» **Exercise description**: Return exactly the lines that run from the one containing "五款智慧眼鏡陳列在水泥表面上，展示從入門到高階的產品範圍" to the end of the entries, with both ends included.

^^^^^^^^^^^^^^^^

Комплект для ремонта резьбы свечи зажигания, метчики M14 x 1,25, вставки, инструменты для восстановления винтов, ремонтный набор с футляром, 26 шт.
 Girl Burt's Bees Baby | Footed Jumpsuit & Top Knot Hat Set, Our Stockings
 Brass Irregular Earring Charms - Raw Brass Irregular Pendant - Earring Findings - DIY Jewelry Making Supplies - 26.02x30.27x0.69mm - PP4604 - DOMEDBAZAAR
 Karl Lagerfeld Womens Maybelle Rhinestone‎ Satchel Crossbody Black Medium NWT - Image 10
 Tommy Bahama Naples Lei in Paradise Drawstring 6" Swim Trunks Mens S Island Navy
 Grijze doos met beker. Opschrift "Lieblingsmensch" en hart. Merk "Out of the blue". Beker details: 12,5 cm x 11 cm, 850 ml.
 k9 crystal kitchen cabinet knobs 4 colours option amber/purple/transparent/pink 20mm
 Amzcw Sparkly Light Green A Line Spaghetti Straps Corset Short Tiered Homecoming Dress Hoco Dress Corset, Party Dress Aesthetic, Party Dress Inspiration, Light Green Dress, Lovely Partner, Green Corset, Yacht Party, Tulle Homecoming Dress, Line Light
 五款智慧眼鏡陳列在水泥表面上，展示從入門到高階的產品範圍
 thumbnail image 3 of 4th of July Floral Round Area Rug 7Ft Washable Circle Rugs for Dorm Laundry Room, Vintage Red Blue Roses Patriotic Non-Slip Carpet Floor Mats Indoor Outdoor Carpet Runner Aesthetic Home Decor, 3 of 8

^^^^^^^^^^^^^^^^

» **Answer to the exercise**:
 五款智慧眼鏡陳列在水泥表面上，展示從入門到高階的產品範圍
 thumbnail image 3 of 4th of July Floral Round Area Rug 7Ft Washable Circle Rugs for Dorm Laundry Room, Vintage Red Blue Roses Patriotic Non-Slip Carpet Floor Mats Indoor Outdoor Carpet Runner Aesthetic Home Decor, 3 of 8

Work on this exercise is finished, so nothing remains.